Asansör giriş kapısının üzerinde hem İbranice hem de Fransızca “Asansör 1907 yılında Nissim Levy tarafından inşa ettirilmiştir’” yazılı kitabe bulunuyor. Taş yapı temeli üzerine tuğla örülü asansörün taş yapı bölümünün ardından balkona kadar iki kademede ufalarak devam eden tuğla döşemeleri, Marsilya’dan özel olarak getirilmiş.
Çift kabinli asansörün bir kabini buhar mekanizmalıyken diğeri elektrik enerjisi ile çalışıyordu.
Çift kabinli olarak inşa edilen ve soldaki mekanizması su buharı, sağdaki ise elektrik enerjisi ile çalışır olarak faaliyete giren asansörün Mithatpaşa Caddesi girişindeki holün solunda hidrolik kazan dairesi, Halil Rıfat Paşa Caddesi çıkışının solunda ise makine dairesi yer alıyor.
Asansörün varış noktasında, demir konsollar ile taşınan ahşap bir balkon bulunuyor, balkonun dökme demir korkulukları ise dönemin en güzel motif örnekleriyle süslü.
İki cadde arasındaki ulaşımı kolaylaştırmak amacıyla yaptırılan asansör, Türkiye’de bu amaçla yapılan tek, dünyadaki ise sayılı örnekler arasında yer alıyor.
1942 yılında Şerif Remzi Reyent’e satıldı ve geliri Karataş Musevi Hastanesi’ne bağışlandı. Reyent’in ölümü üzerine Tarihi Asansör yeğeni Ayla Ökmen’e kaldı. Asansör bu süreçte bir süre kapalı kaldı.
1983 yılında İzmir Belediyesi’ne bağışlanan Tarihi Asansör 1985 yılında restorasyondan geçirilerek her iki kabini de elektrikle çalışır halde düzenlendi.

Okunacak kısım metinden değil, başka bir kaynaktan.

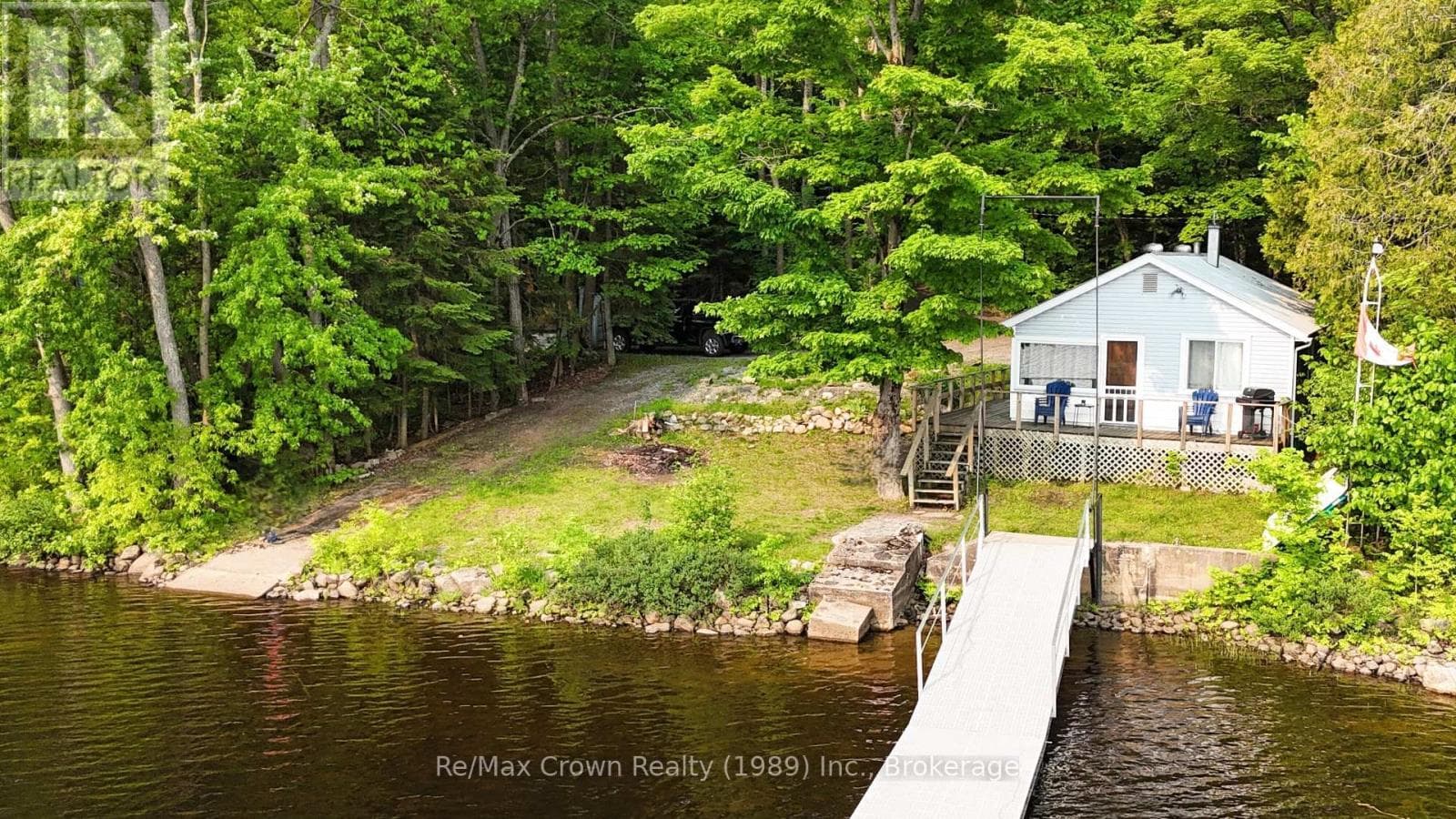 17 RIVERVIEW LANE in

Kent ulaşımına 1992 yılına kadar hizmet veren asansör, 1992 yılına gelindiğinde İzmir Büyükşehir Belediyesi'nce gerçekleştirilen ikinci restorasyon sonrası kent turizmine kazandırıldı.
Asansör, Mithatpaşa Caddesi girişinde yer alan dünyaca ünlü İzmirli şarkıcı Dario Moreno’nun eviyle de ayrı bir cazibeye sahip. Ünlü şarkıcının 1940′lı yıllarda 4 kardeşi ve annesiyle yaşadığı evin bulunduğu sokağa İzmir Büyükşehir Belediyesi’nin 1992 yılında aldığı kararla “Dario Moreno Sokağı” adı verildi ve Moreno’nun evi müze olarak düzenlendi.

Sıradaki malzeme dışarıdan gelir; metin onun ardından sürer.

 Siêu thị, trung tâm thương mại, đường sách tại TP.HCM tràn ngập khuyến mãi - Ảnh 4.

İzmir’in 106 yıldır ayakta duran en önemli yapılarından biri olan asansör, iki semt arasında ulaşımı kolaylaştırmanın yanı sıra eşsiz manzaraya sahip restoran, kafe ve bar olarak kent turizmine hizmet ediyor.
Bu tarihi mirası bize bırakan Nesim Levi Bayrakoğlu'na ve bugüne kadar gözü gibi bakan İzmir Belediye'sine teşekkür ederiz.